One event led to two formal partnerships. One partnership led to three customer relationships. It’s not magic—it’s just that when you create structured space for the right people to talk, deals happen.
But I’m still optimizing this. How many events does it actually take to build meaningful momentum? What’s the right frequency? How do you structure events so they actually generate business, not just LinkedIn connections? How do you make sure you’re not burning through relationship capital hosting events that don’t move the needle?
For anyone who’s scaled partnerships through events—what worked? What totally flopped?
Oh, this is exactly my wheelhouse and I’m so glad you’re thinking about this intentionally.
Here’s what I’ve learned: the best events have a specific purpose and a tight guest list. You don’t want 100 people networking in circles. You want 10-12 people who can actually have conversations because you’ve been thoughtful about who’s in the room.
Structurally, I’d suggest a rhythm: one “discovery” event per quarter, then 1-2 smaller events monthly focused on specific topics or partnership opportunities. That’s enough momentum without burning people out on shows.
For the discovery events—mix the room intentionally. If you’re entering US market, have a few established US partners, a few creators, someone from media/press if possible, and maybe an investor or advisor. That diversity creates actual business-building conversations.
One thing that matters hugely: follow-up. I track who met whom, what they discussed, and I follow up within 48 hours with introductions or context. If Partner A and Customer B seemed aligned, I send them an email connecting the dots. That follow-up is where the magic actually happens.
Also—feed people. I’m serious. Events with good food and drinks have better conversations. People are more open, more willing to stay longer, more likely to exchange real contact information.
What’s your follow-up process like? Are you actively trying to turn event connections into relationships, or just leaving it to chance?
Events are useful for relationship-building, but you need to measure impact or you’re just spending money on lunches.
Here’s how I’d think about this: before you run an event, define what success looks like. Is it partnerships formed? Customer conversations booked? Introductions made? Set a target—“This event succeeds if we form one partnership and book three customer conversations.”

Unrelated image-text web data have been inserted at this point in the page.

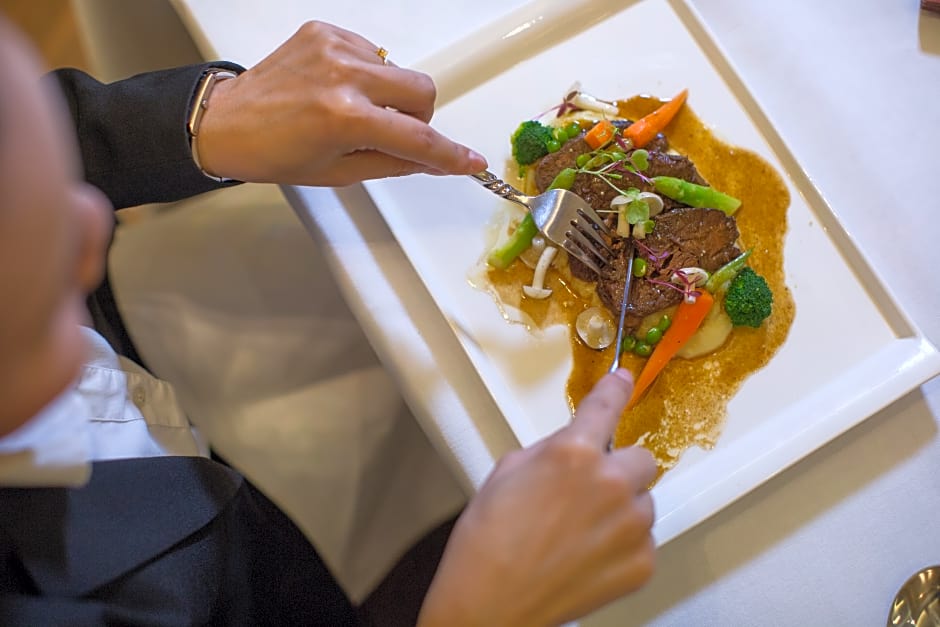 Ramada Plaza by Wyndham Bangkok Menam Riverside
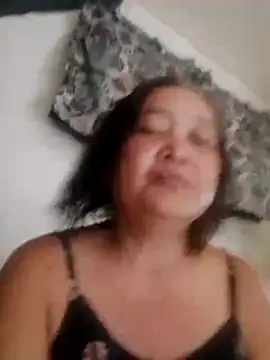 Snapshot of jeanyummytits chatting on May 27, 5:37 am jeanyummytits online show from May 27, 5:37 am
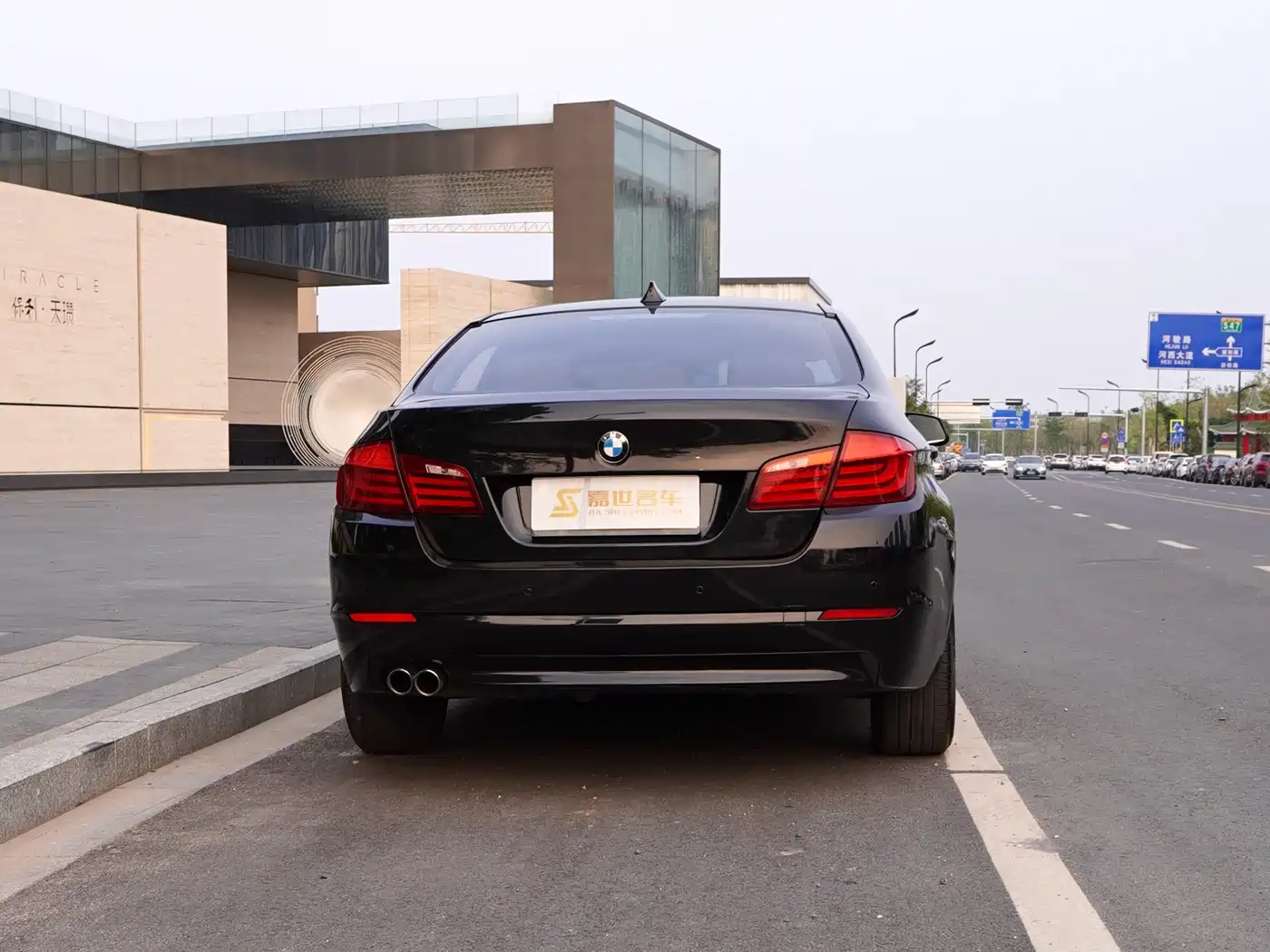 BMW 5 Series 2011 523Li Luxury фото 12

Then track it. After each event, document who met whom, what they discussed, and what action items came out. At the end of a quarter, you can see whether events are actually accelerating your market entry or just providing social energy.
Frequency question: I’d suggest monthly virtual events (low cost, easy logistics) plus one in-person event per quarter if you can swing the travel budget. Monthly keeps momentum, quarterly in-person deepens relationships.
But here’s the data point I’d highlight—you don’t need huge numbers of events. Five focused events over six months, intentionally designed with 10-12 people each, is way more efficient than twenty loose networking events.
One thing I’d measure obsessively: pipeline impact. Did event attendees actually become customers or close partners? Or were they just nice conversations? That determines whether the event ROI was worth it.
How many events have you run so far, and have you tracked actual business outcomes from them?
We’ve been experimenting with this for European expansion, and it’s been surprisingly effective.
Here’s what works: hosting events around specific pain points, not just general networking. We ran a “Scaling Operations Across Borders” roundtable with founders who’d done similar expansions, and it attracted the right people naturally because the topic was specific and relevant.
Frequency—I’d say one substantial event per quarter, then maybe one or two specific discovery lunches per month. More than that gets chaotic and expensive.
One thing I learned: the best events have a mix of people you know and people you don’t. If everyone in the room is your existing network, you’re not building anything new. Aim for 40% existing relationships, 60% new connections.
Also, timing matters. We ran a virtual event at 8am EST and got super low attendance. We switched to 7pm EST and people actually showed up. Small detail, but it matters.
The partner introductions piece is huge. Don’t try to do it all at the event. Use the event to identify who should know who, then do formal introductions via email afterward. That feels more intentional and gets better results.
How are you planning geographic events? Are you thinking one hub city or multiple?
Events are part of my business development strategy too, so I’ve seen what works and what doesn’t from both sides.
Here’s the blunt version: most events don’t work because they’re not solving a real problem for attendees. They feel like sales pitches disguised as networking.
What actually works: host events that would be valuable even if your company didn’t exist. Like, “Navigating US Regulations for International Startups” is a valuable event regardless. “Join Us for Pizza and Networking” is not.
For frequency: I’d go with quarterly events that are genuinely valuable, plus monthly or bi-weekly more informal roundtables if you have a core group interested.
Here’s what I measure: attendance rate (is there actual interest?), conversion rate (did attendees take meetings afterward?), and partnership rate (did actual deals happen?). If any of those are low, the event format isn’t working.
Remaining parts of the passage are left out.